** The task **
Go to the line containing "this 640×480 image." and retype it and every later line exactly as written, up to the last line of the entries. Keep pictures out.

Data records
....

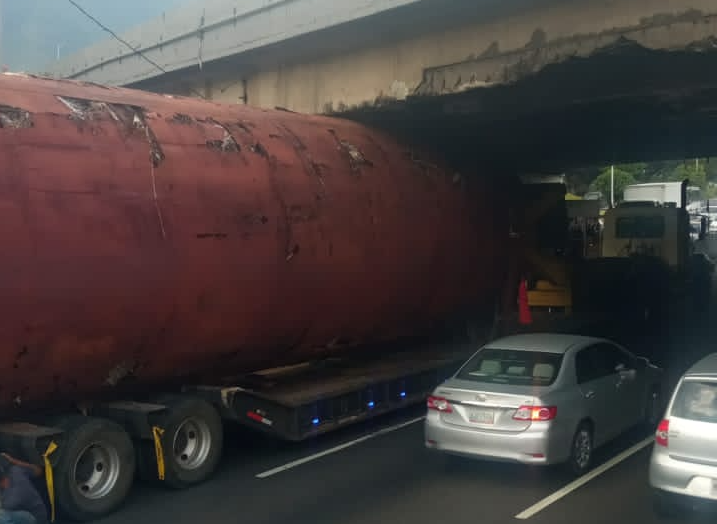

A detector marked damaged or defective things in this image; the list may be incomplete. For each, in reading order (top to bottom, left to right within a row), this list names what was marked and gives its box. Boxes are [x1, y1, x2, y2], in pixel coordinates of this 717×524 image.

damaged concrete edge [412, 11, 716, 97]
rust patch on tank [0, 105, 32, 128]
rusty red cylindrical tank [0, 71, 506, 412]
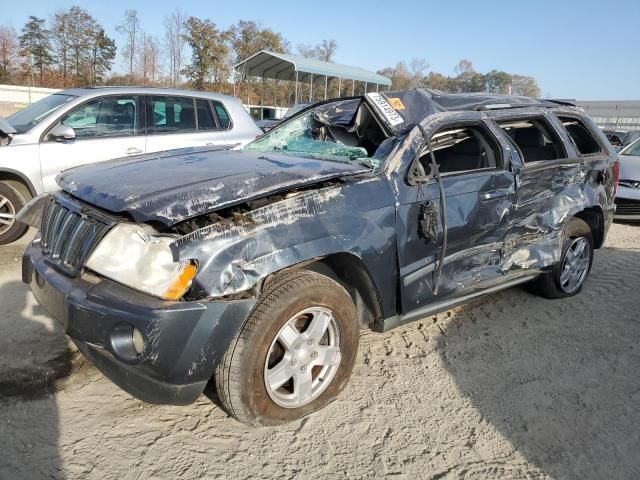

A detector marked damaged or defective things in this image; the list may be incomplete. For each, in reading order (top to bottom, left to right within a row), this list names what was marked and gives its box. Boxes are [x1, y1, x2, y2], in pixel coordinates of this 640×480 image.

shattered windshield [7, 93, 75, 134]
shattered windshield [242, 102, 388, 173]
broken side window [422, 124, 502, 175]
broken side window [498, 117, 568, 163]
broken side window [556, 115, 604, 155]
dented hood [60, 146, 372, 225]
damaged front door [396, 122, 516, 314]
damaged rear door [396, 120, 516, 316]
damaged dark blue suv [22, 91, 616, 428]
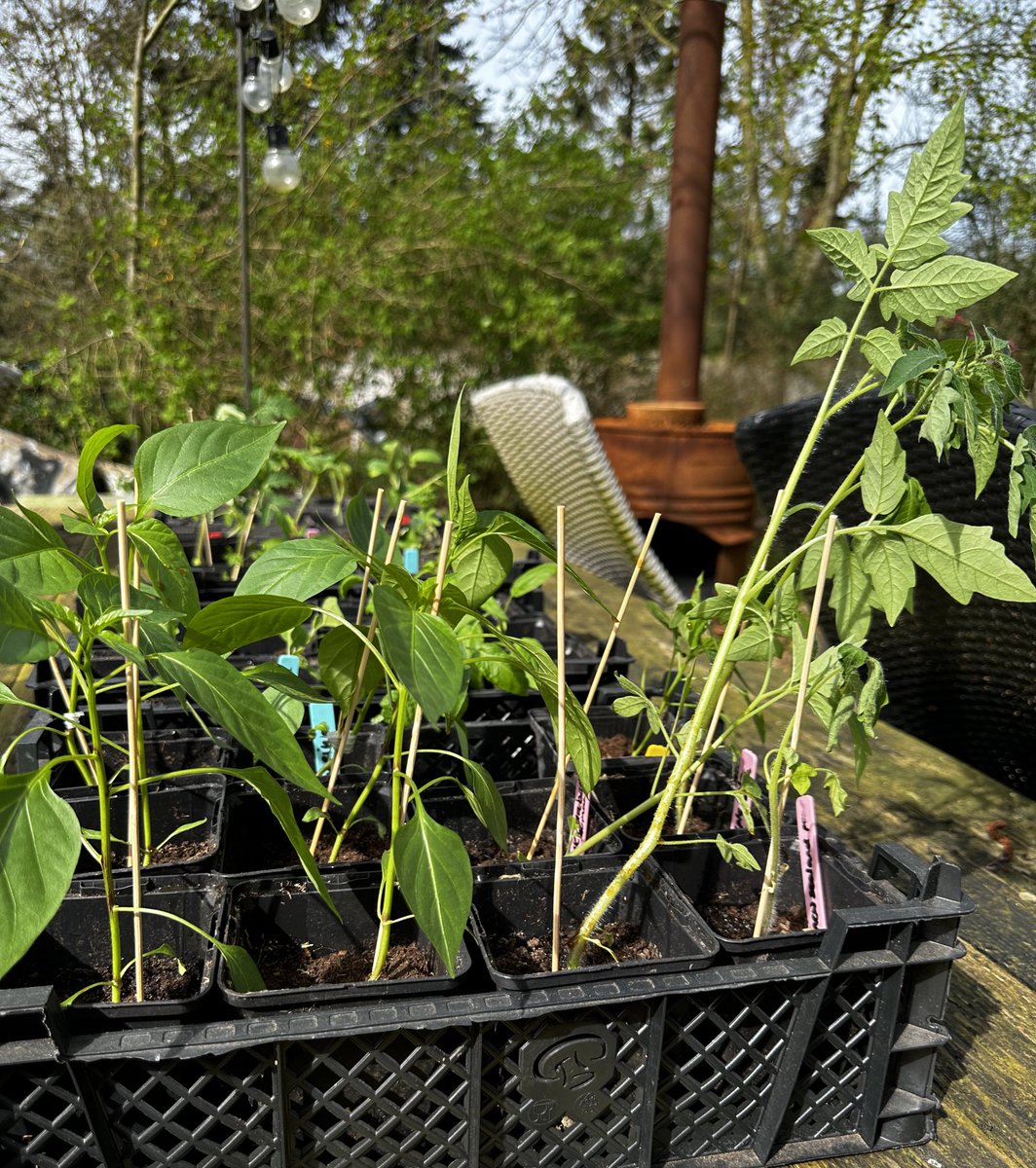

....

** Task output **
A detector marked damaged or defective things in this image; the list may be incomplete. For each, in reading order (top to bottom, left to right within a row), this list names what was marked and gives its box. Boxes are [x1, y1, x2, y2], in pixel coordinates of this 640×480 image.

shattered windshield [7, 93, 75, 134]
shattered windshield [242, 102, 388, 173]
broken side window [422, 124, 502, 175]
broken side window [498, 117, 568, 163]
broken side window [556, 115, 604, 155]
dented hood [60, 146, 372, 225]
damaged front door [396, 122, 516, 314]
damaged rear door [396, 120, 516, 316]
damaged dark blue suv [22, 91, 616, 428]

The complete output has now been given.